═════ RECORDS SHOWN
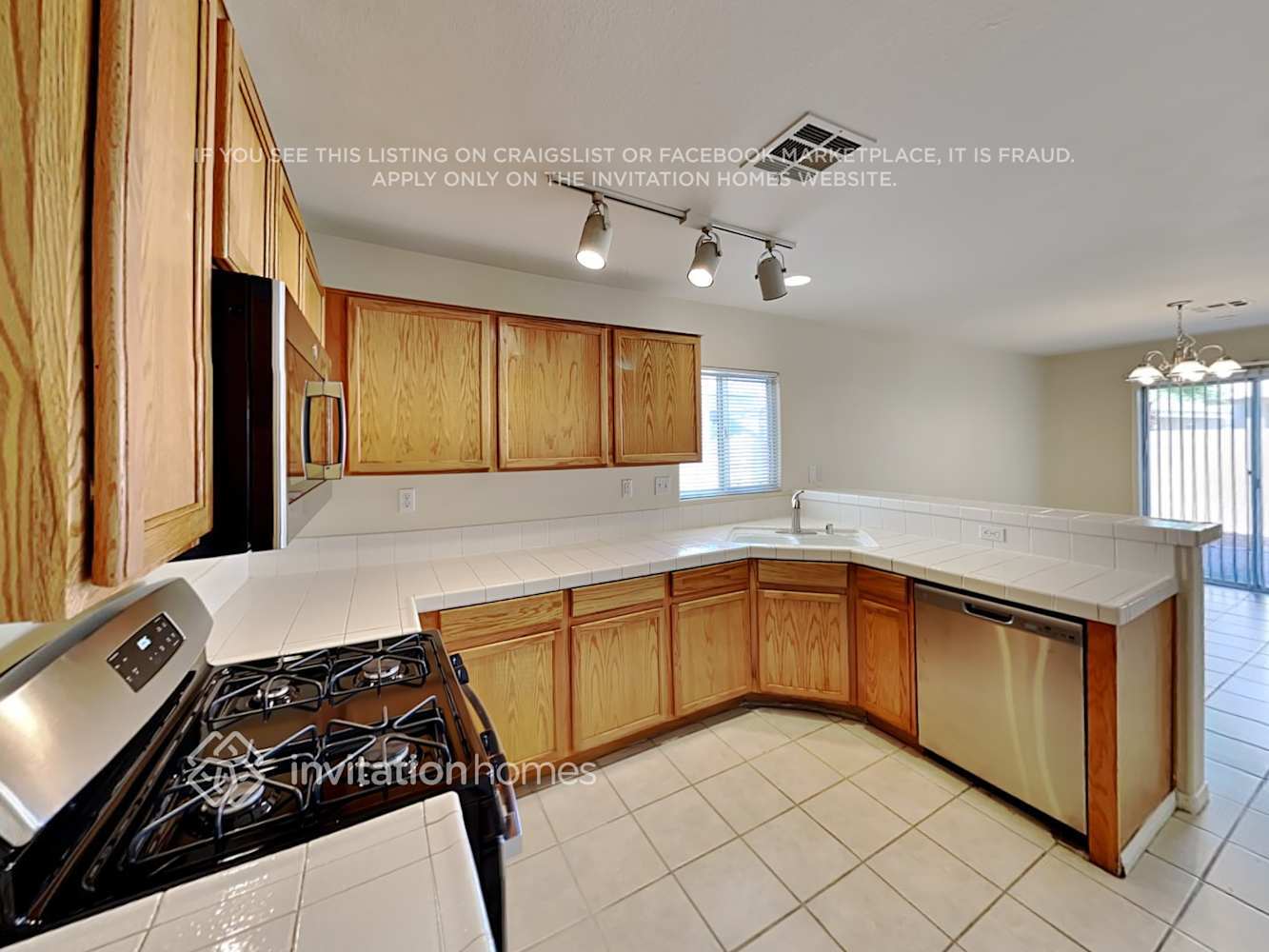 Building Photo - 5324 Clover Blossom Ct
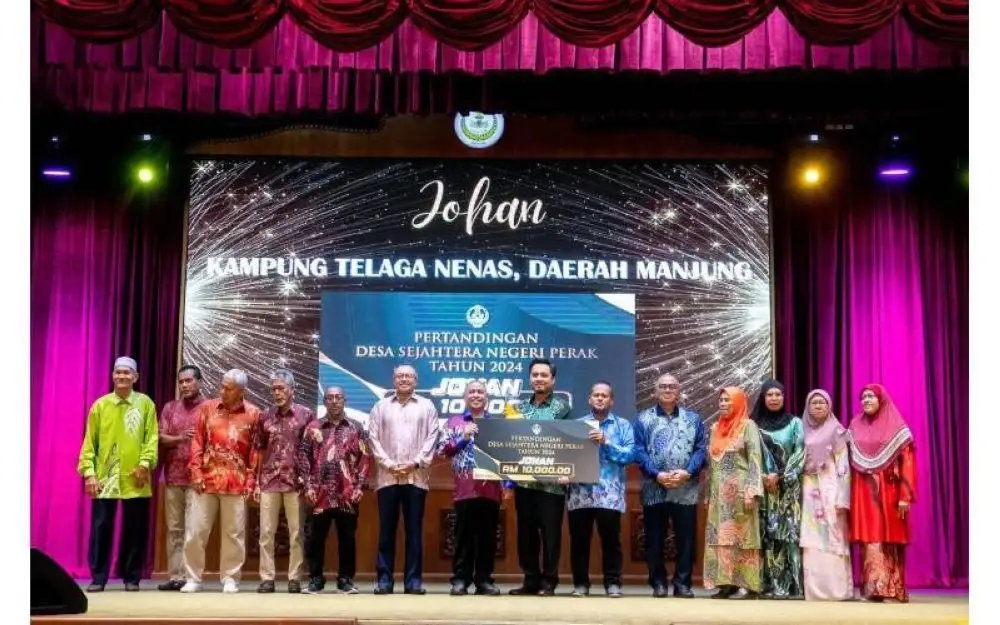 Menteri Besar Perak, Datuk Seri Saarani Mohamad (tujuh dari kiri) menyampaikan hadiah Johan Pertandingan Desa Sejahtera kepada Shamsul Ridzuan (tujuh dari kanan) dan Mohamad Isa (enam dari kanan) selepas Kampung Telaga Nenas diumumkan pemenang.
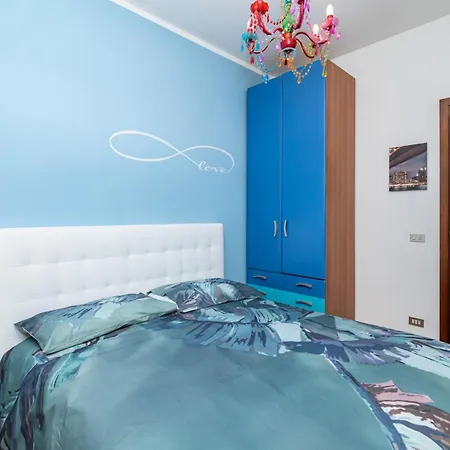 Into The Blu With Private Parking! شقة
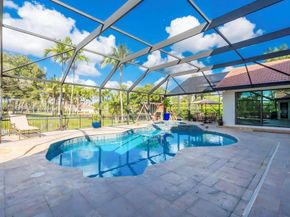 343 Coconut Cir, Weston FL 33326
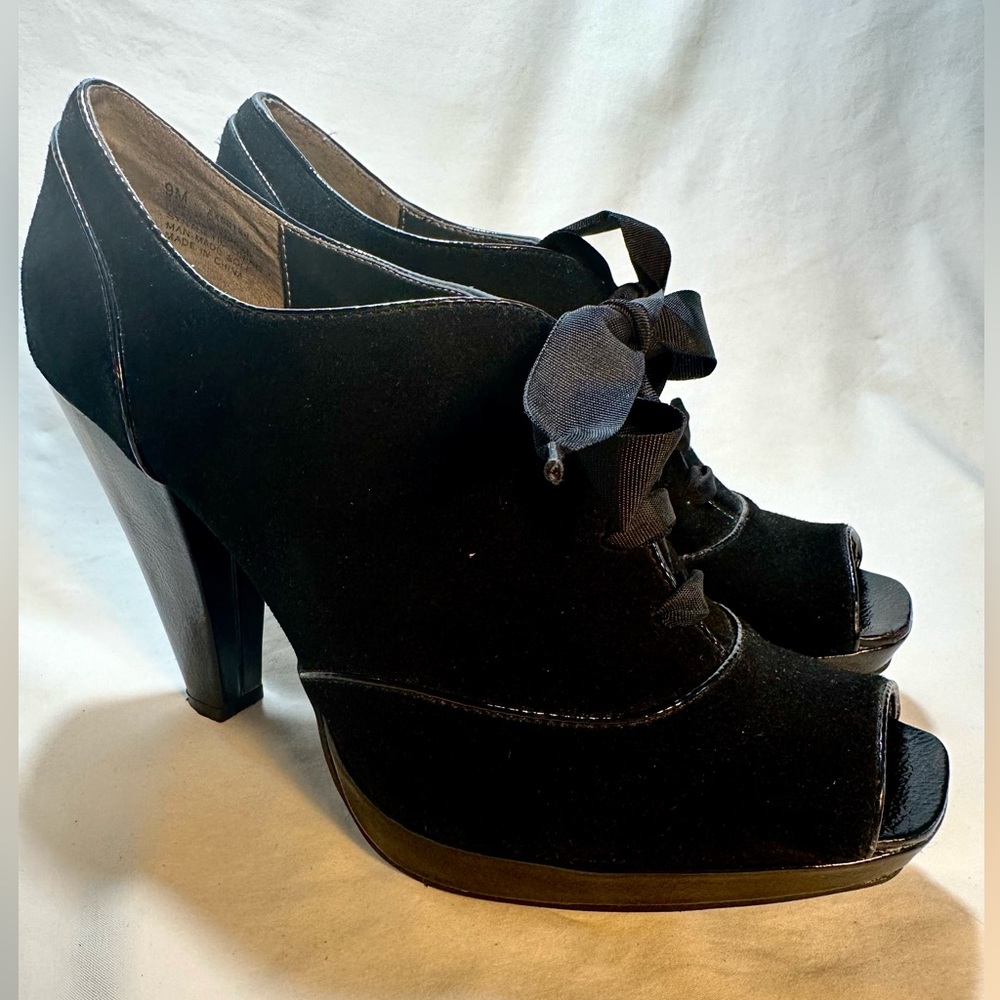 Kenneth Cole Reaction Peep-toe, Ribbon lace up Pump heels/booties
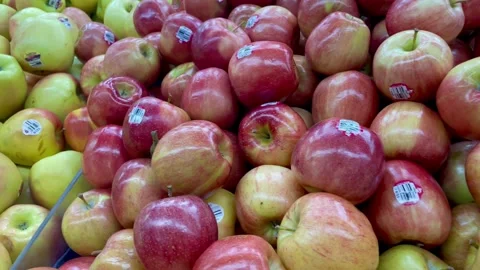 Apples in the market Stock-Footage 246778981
══════════
- **TASK DETAILS**: I need the lines from the one holding "Kenneth Cole Reaction" through the last line of the entries set down exactly, with every picture left out.

- **EXPECTED ANSWER**:
 Kenneth Cole Reaction Peep-toe, Ribbon lace up Pump heels/booties
 Apples in the market Stock-Footage 246778981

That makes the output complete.